Description senaik 2014-09-09 13:38:38 UTC

Description of problem:
=======================
In a scenario where there are many snapshots taken on the volume and if another node is attached to the cluster, it takes a long time (times out) as all the snapshots have to be copied to the new node which is being attached to the cluster.

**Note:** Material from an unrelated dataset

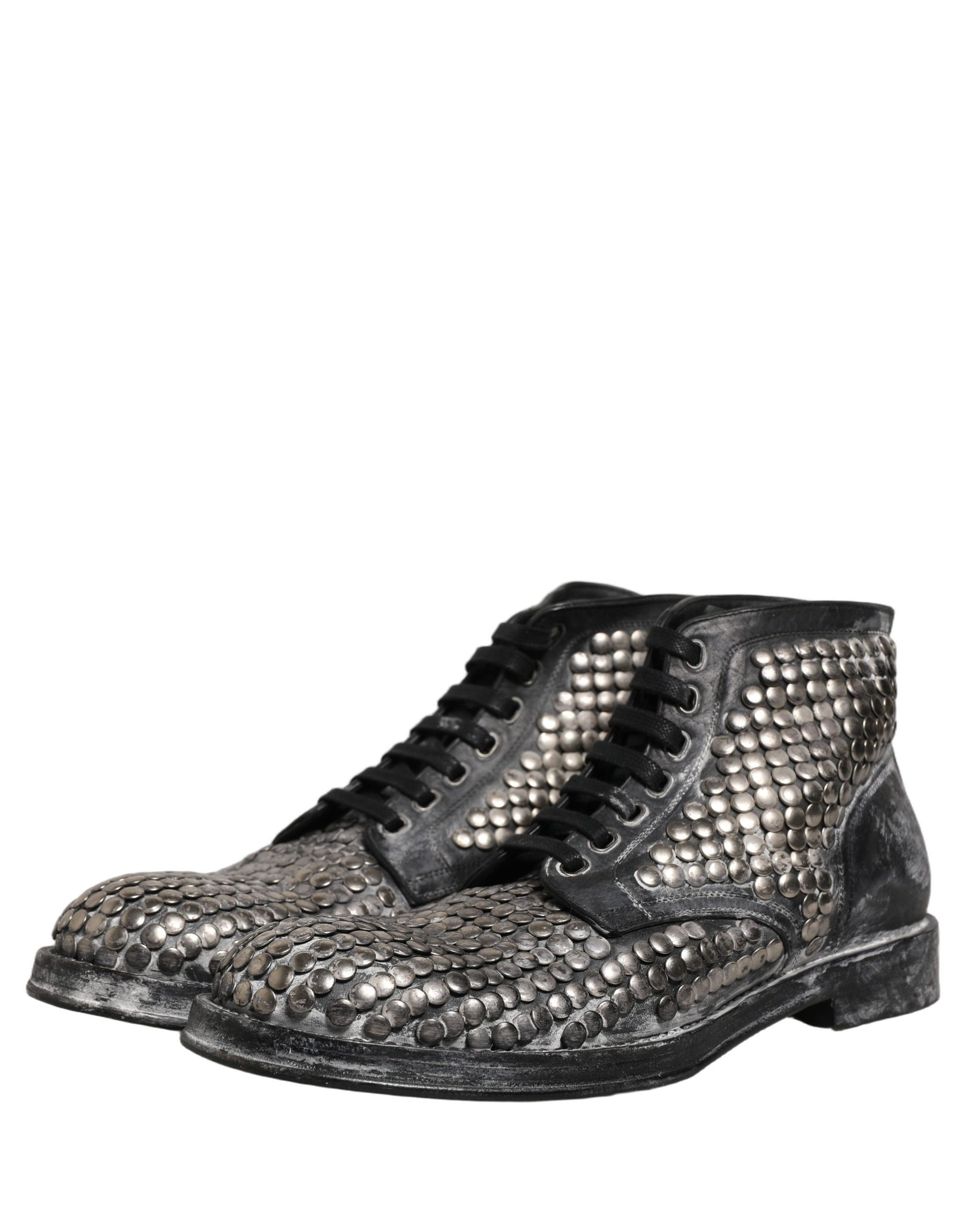 Dolce & Gabbana Black Leather Runway Studs Ankle Boots Shoes | Regal Royce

User has to wait until all the snapshots are copied before gluster peer status shows the newly added node is in 'Peer in Cluster' state

Also as the cluster is scaled up, peer probe times out and returns with errno (-1)as the frame times out and the newly added node remains in the state: 'Sent and Received peer request (Connected)' 

Version-Release number of selected component (if applicable):
============================================================
glusterfs 3.6.0.28

How reproducible:
================
always


Steps to Reproduce:
==================
12 node cluster 
6x2 dist repl volume 

1.Fuse and NFS mount the volume and create some IO
2.Created ~170 snapshots 
3.Attach another node to cluster 

[root@dhcp-8-29-222 ~]# time gluster peer probe 10.8.30.26

real	2m0.095s
user	0m0.080s
sys	0m0.030s

gluster peer status shows the state of the node as 'Sent and Received peer request ' until all the snapshots are copied 

Hostname: 10.8.30.26
Uuid: 77d79c8d-c1b1-41a6-870b-3c51755cc285
State: Sent and Received peer request (Connected)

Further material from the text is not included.